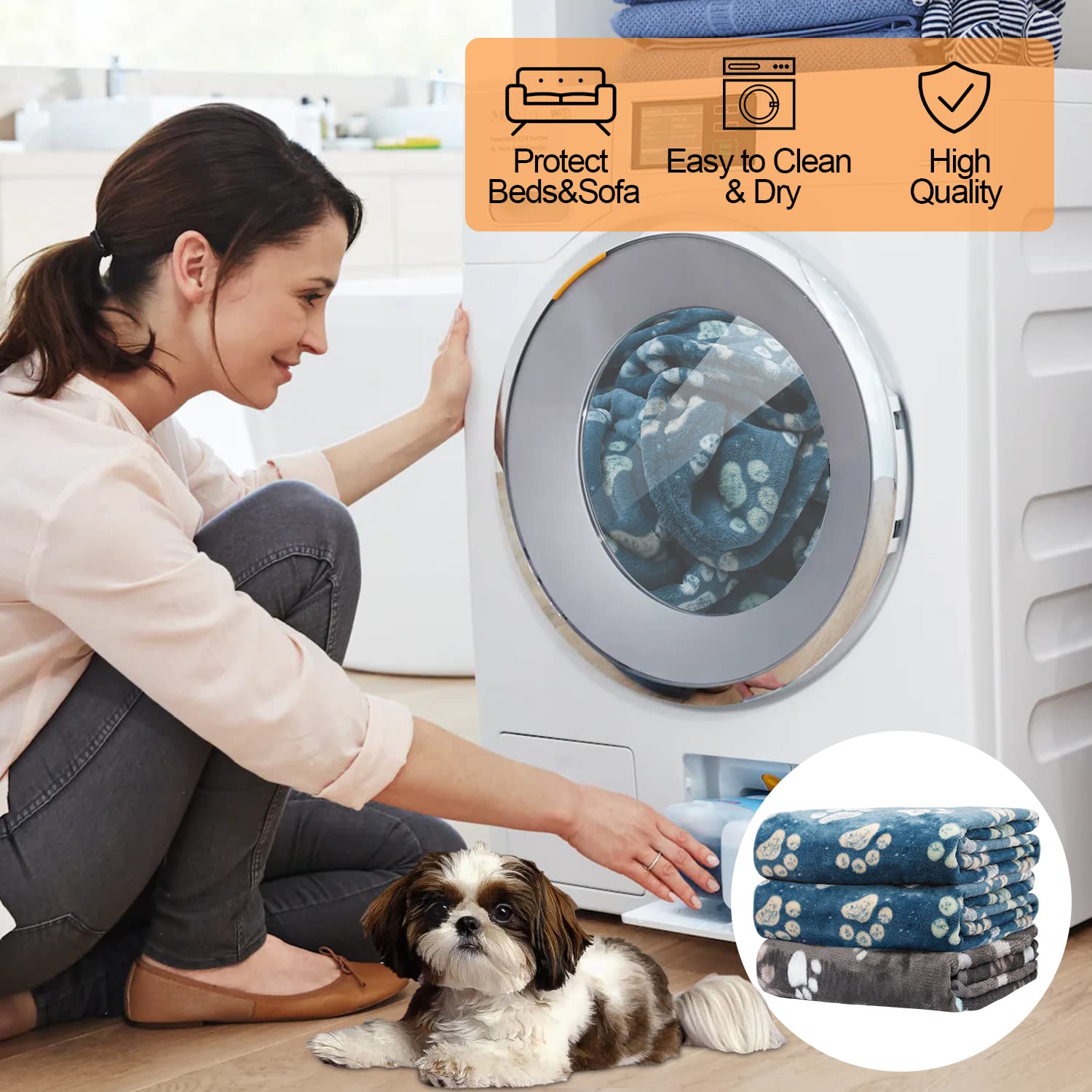 Rezutan 1 Pack 3 Dog Blanket for Large Dogs,41x31 inch for Medium Soft Fluffy Washable Pet Cat Blankets,Reversible Elephant & Paw Print for Dog Kennels & Beds, Sofas, Blue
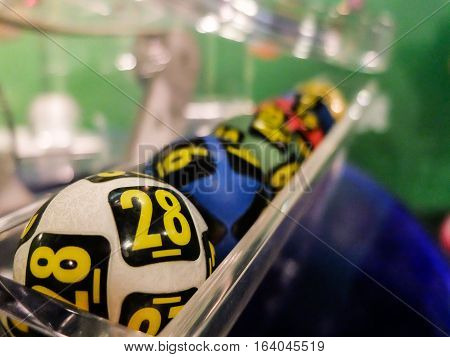 Lottery Balls During Extraction
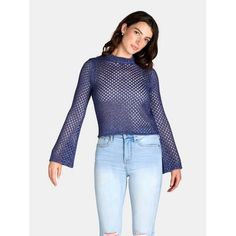 The layering possibilities are endless with Madden NYC's Open Stitch Metallic Sweater. Right on-trend, this sweater shimmers with metallic yarn accents and features a ready-to-layer open stitch design and cropped length. Slip it on over a cami with jeans for an incredible casual outfit or go for the wow and wear it over a bodycon dress. Either way you are sure to look spectacular. Size: M.  Color: Blue.  Gender: female.  Age Group: adult. Madden Nyc, Navy Outfit, Metallic Sweater, Crochet Tank Top, Metallic Yarn, Crochet Skirt, Knitted Pullover Sweaters, Blue Gender, Stitch Design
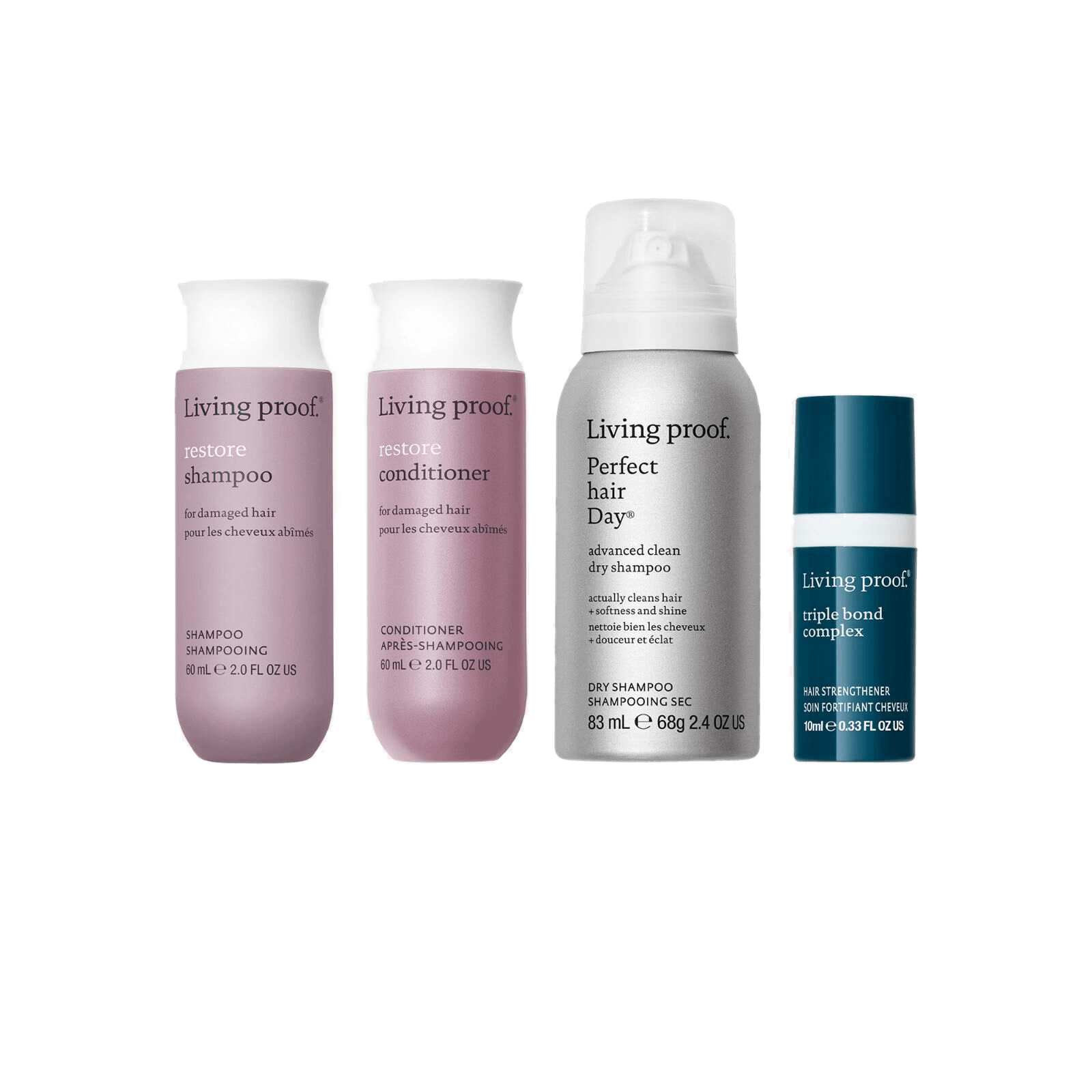 The Restore Strong Hair Essentials set features four Living Proof silicone-free hair repair products in travel-size bottles, displayed together on a white background.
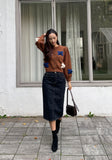 David Bandind Raw Denim Skirt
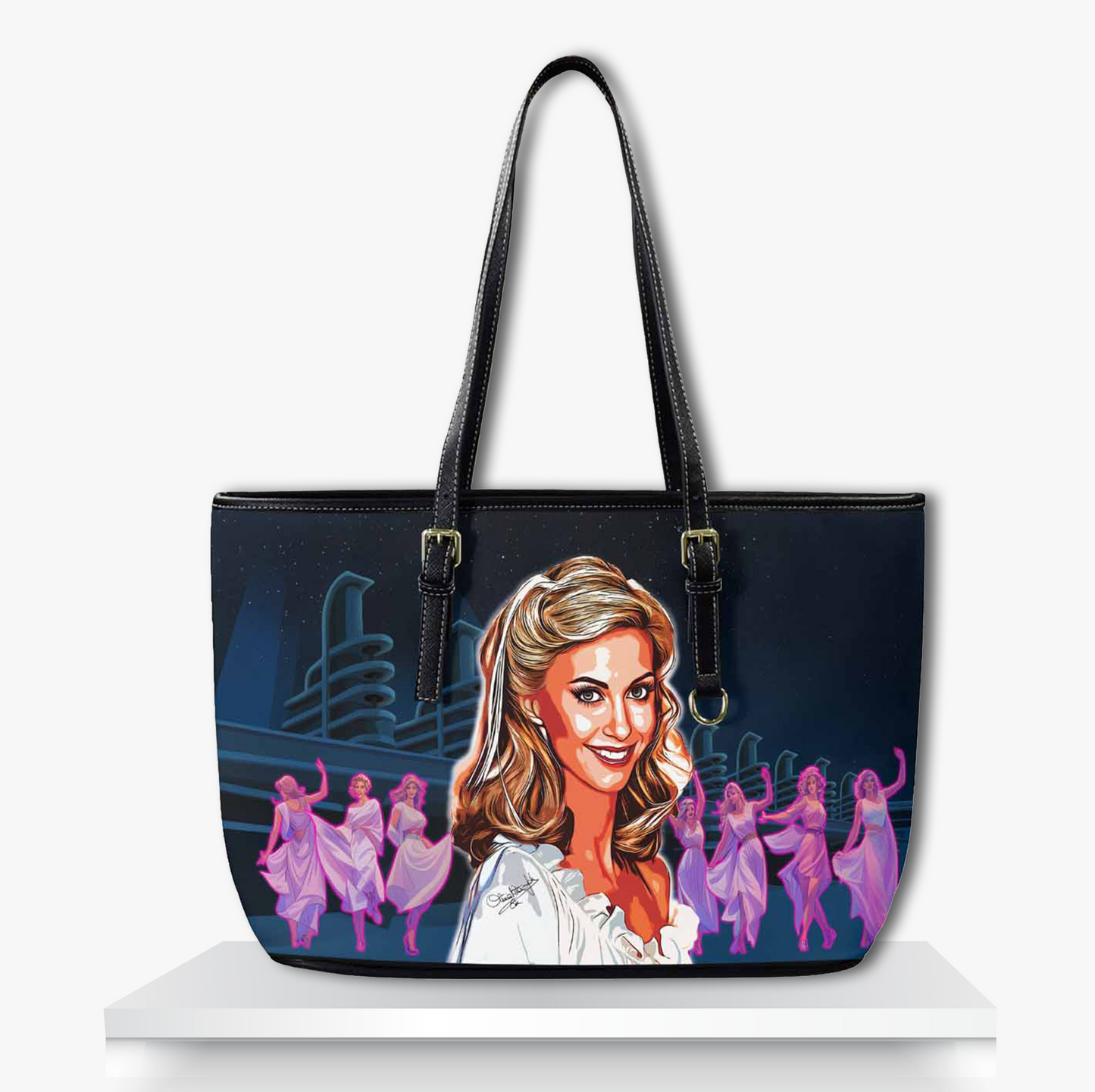 Retro-inspired black tote bag featuring illustrated blonde woman in white dress with 80s-style dancing muses in pink and purple, set against a night sky and neon cityscape unique fashion accessory with vintage pop culture flair.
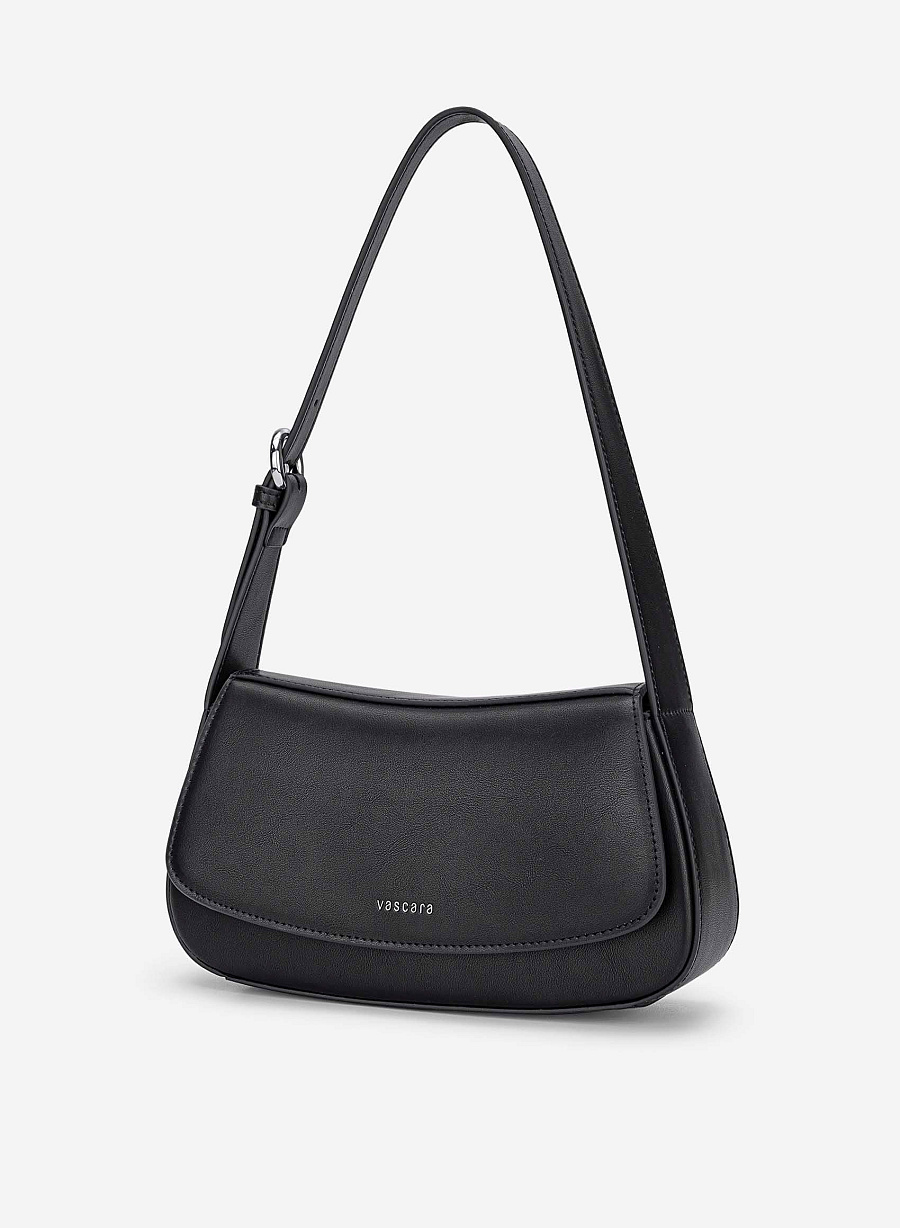 Leather Hobo Shoulder Bag - SAC 0338 - Black - vascara.com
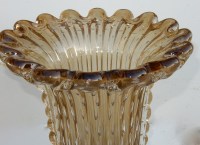 1970&#039; Paire De Vases Cristal Murano Fumés Et Or Toso Signés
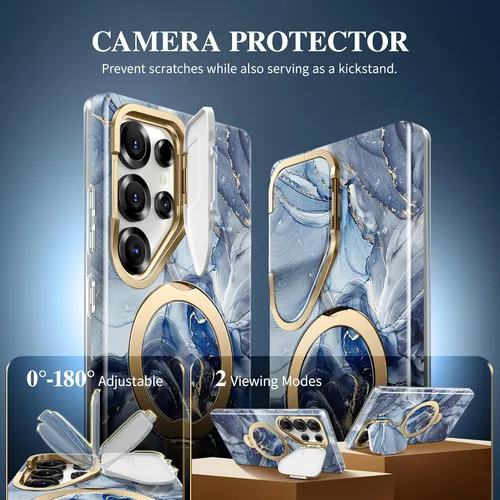 Vista 5 de GVIEWIN Magnética para Samsung Galaxy S25 Ultra Funda, [Compatible con Magsafe][Tapa de Cámara Soporte Plegable y Anillo Giratorio 360°] Funda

[Task goal] Leave out the pictures, then repeat the listing above exactly from its first line to the line with "1970&#039; Paire De", inclusive.

[Response area]
 Rezutan 1 Pack 3 Dog Blanket for Large Dogs,41x31 inch for Medium Soft Fluffy Washable Pet Cat Blankets,Reversible Elephant & Paw Print for Dog Kennels & Beds, Sofas, Blue
 Lottery Balls During Extraction
 The layering possibilities are endless with Madden NYC's Open Stitch Metallic Sweater. Right on-trend, this sweater shimmers with metallic yarn accents and features a ready-to-layer open stitch design and cropped length. Slip it on over a cami with jeans for an incredible casual outfit or go for the wow and wear it over a bodycon dress. Either way you are sure to look spectacular. Size: M.  Color: Blue.  Gender: female.  Age Group: adult. Madden Nyc, Navy Outfit, Metallic Sweater, Crochet Tank Top, Metallic Yarn, Crochet Skirt, Knitted Pullover Sweaters, Blue Gender, Stitch Design
 The Restore Strong Hair Essentials set features four Living Proof silicone-free hair repair products in travel-size bottles, displayed together on a white background.
 David Bandind Raw Denim Skirt
 Retro-inspired black tote bag featuring illustrated blonde woman in white dress with 80s-style dancing muses in pink and purple, set against a night sky and neon cityscape unique fashion accessory with vintage pop culture flair.
 Leather Hobo Shoulder Bag - SAC 0338 - Black - vascara.com
 1970&#039; Paire De Vases Cristal Murano Fumés Et Or Toso Signés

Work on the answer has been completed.